El ocio abre de par en par las discotecas y los bares. Hemos vuelto a las condiciones previas a la pandemia, pero ya nada es igual. Apenas se respetan las distancias de seguridad y, en cuanto al uso de mascarillas, lo digo por experiencia: si continúo más tiempo con el bozal puesto, tendrán que hacerme el boca a boca tendida en el asfalto.

El botellón invade los campus universitarios y la noche se expande a lo ancho como un inmenso chicle. En Madrid, veinticinco mil estudiantes, prietos ellos bajo las estrellas, aprovecharon la excusa del comienzo de curso para hermanarse en el alcohol y la felicidad.

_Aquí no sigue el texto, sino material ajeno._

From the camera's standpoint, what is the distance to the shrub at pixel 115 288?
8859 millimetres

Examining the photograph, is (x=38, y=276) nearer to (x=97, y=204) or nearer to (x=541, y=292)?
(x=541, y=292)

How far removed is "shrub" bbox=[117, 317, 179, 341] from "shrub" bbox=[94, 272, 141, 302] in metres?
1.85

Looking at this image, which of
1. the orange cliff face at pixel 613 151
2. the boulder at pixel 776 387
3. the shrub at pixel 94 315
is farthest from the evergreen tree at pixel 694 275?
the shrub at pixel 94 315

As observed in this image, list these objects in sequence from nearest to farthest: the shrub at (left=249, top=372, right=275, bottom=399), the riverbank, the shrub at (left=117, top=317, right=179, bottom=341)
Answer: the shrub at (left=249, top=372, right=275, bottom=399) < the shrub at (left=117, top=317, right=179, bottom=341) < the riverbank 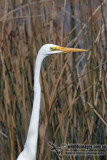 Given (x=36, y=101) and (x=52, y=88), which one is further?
(x=52, y=88)

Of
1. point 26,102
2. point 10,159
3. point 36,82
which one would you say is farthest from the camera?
point 26,102

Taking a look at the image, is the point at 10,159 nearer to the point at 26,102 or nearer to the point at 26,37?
the point at 26,102

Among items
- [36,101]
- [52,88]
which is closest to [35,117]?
[36,101]

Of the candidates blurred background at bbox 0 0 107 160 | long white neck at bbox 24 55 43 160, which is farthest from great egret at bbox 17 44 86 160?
blurred background at bbox 0 0 107 160

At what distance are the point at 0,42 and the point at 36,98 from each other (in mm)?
547

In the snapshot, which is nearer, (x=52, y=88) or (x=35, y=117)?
(x=35, y=117)

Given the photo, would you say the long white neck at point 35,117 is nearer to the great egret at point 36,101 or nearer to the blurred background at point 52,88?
the great egret at point 36,101

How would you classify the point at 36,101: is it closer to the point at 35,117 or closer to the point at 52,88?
the point at 35,117

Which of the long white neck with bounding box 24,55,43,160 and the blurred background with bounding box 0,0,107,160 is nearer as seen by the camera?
the long white neck with bounding box 24,55,43,160

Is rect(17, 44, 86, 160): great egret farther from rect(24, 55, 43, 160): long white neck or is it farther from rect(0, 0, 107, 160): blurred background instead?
rect(0, 0, 107, 160): blurred background

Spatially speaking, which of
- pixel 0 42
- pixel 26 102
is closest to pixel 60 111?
pixel 26 102

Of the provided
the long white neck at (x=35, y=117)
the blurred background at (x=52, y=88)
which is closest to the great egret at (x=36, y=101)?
the long white neck at (x=35, y=117)

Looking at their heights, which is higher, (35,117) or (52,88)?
(52,88)

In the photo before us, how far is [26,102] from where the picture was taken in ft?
6.72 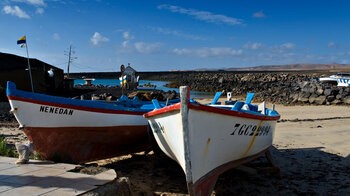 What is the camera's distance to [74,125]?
6.89 meters

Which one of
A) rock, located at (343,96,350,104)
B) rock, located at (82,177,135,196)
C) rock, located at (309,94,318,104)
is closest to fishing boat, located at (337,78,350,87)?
rock, located at (343,96,350,104)

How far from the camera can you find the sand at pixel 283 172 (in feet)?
20.4

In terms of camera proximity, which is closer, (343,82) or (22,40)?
(22,40)

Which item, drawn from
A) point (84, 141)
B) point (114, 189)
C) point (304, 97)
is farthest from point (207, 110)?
point (304, 97)

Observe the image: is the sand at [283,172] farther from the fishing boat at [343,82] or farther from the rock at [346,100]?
the fishing boat at [343,82]

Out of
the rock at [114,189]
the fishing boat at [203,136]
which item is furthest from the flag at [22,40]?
the rock at [114,189]

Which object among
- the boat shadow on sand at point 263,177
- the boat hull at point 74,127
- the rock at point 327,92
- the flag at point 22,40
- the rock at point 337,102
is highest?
the flag at point 22,40

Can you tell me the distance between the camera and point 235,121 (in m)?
5.25

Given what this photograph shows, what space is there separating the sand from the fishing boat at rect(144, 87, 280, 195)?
3.34ft

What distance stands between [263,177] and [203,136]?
3309 millimetres

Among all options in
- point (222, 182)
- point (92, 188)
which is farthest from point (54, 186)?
point (222, 182)

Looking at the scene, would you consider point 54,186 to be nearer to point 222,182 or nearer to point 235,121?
point 235,121

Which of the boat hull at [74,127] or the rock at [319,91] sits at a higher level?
the boat hull at [74,127]

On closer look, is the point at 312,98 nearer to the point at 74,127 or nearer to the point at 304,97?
the point at 304,97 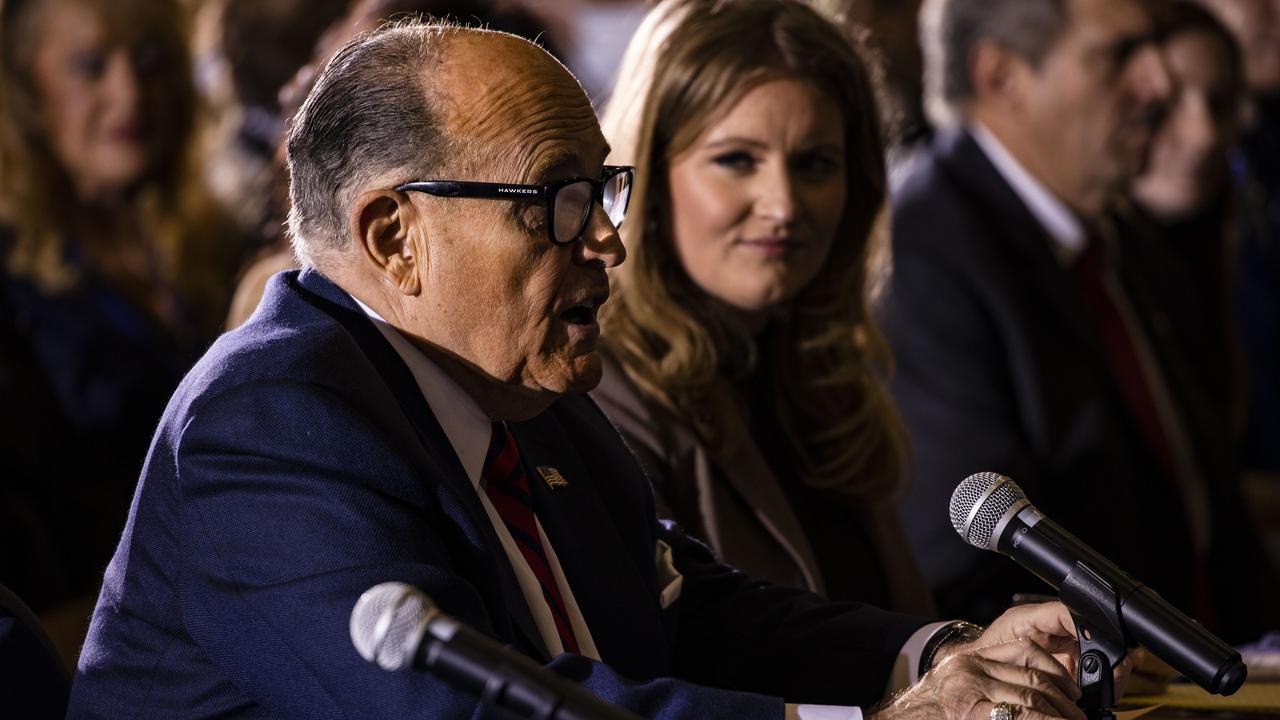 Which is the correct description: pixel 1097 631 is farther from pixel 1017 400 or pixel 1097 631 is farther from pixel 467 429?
pixel 1017 400

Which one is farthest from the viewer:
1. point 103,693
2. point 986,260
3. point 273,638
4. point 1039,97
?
point 1039,97

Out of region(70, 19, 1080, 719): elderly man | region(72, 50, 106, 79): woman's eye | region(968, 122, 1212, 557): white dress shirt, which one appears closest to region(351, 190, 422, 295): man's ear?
region(70, 19, 1080, 719): elderly man

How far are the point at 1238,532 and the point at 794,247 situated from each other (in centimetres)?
191

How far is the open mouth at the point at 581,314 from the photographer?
1926mm

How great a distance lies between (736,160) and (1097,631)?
136 centimetres

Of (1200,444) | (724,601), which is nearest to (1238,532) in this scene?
(1200,444)

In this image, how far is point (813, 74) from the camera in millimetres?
2863

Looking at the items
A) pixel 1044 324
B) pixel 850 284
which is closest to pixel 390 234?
pixel 850 284

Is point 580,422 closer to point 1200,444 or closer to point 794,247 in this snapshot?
point 794,247

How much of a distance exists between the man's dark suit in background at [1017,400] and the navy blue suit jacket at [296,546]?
202 centimetres

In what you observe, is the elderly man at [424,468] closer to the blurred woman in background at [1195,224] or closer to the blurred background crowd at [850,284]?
the blurred background crowd at [850,284]

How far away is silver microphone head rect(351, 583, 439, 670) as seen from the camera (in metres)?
1.21

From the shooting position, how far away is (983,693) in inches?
66.3

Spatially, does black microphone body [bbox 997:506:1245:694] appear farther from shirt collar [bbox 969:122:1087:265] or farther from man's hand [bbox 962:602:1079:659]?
shirt collar [bbox 969:122:1087:265] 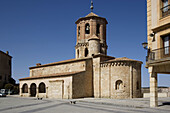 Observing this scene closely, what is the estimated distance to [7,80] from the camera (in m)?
48.0

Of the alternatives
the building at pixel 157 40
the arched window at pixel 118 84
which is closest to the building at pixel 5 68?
the arched window at pixel 118 84

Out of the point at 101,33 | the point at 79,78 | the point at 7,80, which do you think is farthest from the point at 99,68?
the point at 7,80

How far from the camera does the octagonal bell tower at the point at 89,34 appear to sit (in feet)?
99.6

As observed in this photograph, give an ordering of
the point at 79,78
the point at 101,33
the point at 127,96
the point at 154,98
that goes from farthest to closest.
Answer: the point at 101,33 < the point at 79,78 < the point at 127,96 < the point at 154,98

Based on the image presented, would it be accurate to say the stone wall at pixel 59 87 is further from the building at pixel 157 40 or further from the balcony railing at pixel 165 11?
the balcony railing at pixel 165 11

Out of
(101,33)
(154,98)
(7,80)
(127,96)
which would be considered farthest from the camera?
(7,80)

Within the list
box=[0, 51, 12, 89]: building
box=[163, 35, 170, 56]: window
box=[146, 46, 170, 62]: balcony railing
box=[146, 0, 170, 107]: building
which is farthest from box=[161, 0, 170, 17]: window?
box=[0, 51, 12, 89]: building

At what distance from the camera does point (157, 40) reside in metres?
14.3

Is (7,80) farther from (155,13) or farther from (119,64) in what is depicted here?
(155,13)

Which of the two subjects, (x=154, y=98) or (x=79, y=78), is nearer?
(x=154, y=98)

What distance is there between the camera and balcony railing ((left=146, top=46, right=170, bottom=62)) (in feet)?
42.8

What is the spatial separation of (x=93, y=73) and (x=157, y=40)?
14.3 meters

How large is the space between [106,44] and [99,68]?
6.69 metres

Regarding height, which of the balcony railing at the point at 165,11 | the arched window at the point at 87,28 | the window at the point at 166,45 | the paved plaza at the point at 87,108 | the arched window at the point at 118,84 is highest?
the arched window at the point at 87,28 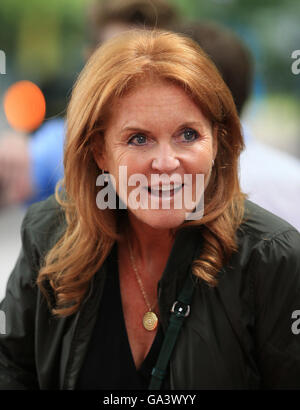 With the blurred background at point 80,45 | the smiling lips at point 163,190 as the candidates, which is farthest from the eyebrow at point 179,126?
the blurred background at point 80,45

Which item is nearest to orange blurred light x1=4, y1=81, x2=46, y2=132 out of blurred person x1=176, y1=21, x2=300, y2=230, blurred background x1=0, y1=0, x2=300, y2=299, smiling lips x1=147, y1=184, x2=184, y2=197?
blurred background x1=0, y1=0, x2=300, y2=299

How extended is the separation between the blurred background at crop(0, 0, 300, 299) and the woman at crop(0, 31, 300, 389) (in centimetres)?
304

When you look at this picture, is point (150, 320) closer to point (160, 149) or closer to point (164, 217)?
point (164, 217)

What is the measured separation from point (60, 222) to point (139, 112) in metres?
0.57

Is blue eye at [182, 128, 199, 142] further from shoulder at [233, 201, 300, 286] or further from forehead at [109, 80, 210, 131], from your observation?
shoulder at [233, 201, 300, 286]

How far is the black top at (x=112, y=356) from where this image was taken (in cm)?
163

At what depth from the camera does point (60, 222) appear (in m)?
1.87

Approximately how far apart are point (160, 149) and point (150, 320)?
0.56 m

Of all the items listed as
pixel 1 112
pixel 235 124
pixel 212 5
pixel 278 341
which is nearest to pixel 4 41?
pixel 1 112

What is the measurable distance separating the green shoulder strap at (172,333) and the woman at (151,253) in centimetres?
2

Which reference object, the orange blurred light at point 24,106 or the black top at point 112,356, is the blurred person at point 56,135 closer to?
the orange blurred light at point 24,106

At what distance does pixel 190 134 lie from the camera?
1521 mm

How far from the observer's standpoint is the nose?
1475mm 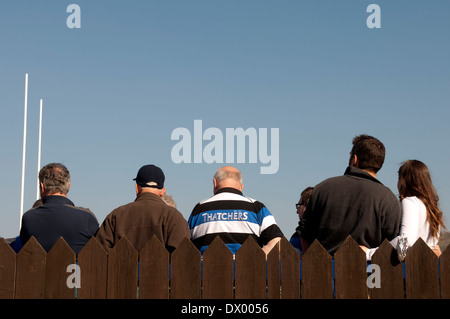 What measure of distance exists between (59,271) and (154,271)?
2.91ft

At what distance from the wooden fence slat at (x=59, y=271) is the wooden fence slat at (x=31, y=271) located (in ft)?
0.16

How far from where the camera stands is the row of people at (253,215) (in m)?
5.20

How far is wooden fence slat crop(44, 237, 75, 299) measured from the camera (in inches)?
208

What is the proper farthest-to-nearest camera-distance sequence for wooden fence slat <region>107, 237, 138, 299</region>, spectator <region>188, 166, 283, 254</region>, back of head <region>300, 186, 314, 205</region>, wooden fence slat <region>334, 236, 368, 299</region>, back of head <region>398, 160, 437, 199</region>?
back of head <region>300, 186, 314, 205</region> → spectator <region>188, 166, 283, 254</region> → back of head <region>398, 160, 437, 199</region> → wooden fence slat <region>107, 237, 138, 299</region> → wooden fence slat <region>334, 236, 368, 299</region>

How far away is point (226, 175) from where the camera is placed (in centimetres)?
622

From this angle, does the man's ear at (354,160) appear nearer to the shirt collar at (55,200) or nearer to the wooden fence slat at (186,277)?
the wooden fence slat at (186,277)

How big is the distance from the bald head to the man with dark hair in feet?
3.63

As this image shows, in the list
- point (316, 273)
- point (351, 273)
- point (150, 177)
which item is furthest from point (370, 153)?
point (150, 177)

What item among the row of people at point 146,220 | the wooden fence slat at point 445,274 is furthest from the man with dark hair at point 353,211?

La vida esta hecha de pequeñas incertidumbres, y una de las más angustiosas es precisamente la búsqueda de la felicidad.

Estos años de atrás la pandemia nos ha castigado con dureza, pero ahora que hemos empezado a recuperarnos no hallamos el modo de ser felices. Unos porque somos mayores, otros porque son pequeños, siempre hay algún motivo de preocupación. Pones las noticias y, en cuanto el locutor empieza a hablar, una sacudida eléctrica nos recorre el cuerpo de punta a punta. Tranquila (me digo), esto no es un infarto.

Efectivamente no lo es. Es el volcán de La Palma que, mira por dónde, también nos deja infartados.

Cuando escribo esta columna, centenares de casas han sido ya arrasadas y la lengua de lava está a punto de entrar en el mar, donde al parecer el calentamiento es insuficiente.

Hace cincuenta años, el volcán de la Palma se manifestó y a los periodistas les faltó vocabulario para describir sus rugidos. Ahora, en cambio, el lenguaje lo aportan los políticos, que se han puesto abruptos y volcánicos para estar a tono con la actualidad.

Hace un par de días, la ministra Reyes Maroto se lució con sus declaraciones a la prensa. Reyes confía en que el maravilloso espectáculo del volcán constituya un reclamo para los turistas. Ella, sin embargo, no ha sido la única en ponerse estupenda.

Los hay que albergan la esperanza de que llueva pronto para que se apaguen las brasas del volcán. Tampoco faltan quienes presienten que las convulsiones de Cumbre Vieja se corresponden con los primeros síntomas del fin del mundo. Lagarto, lagarto.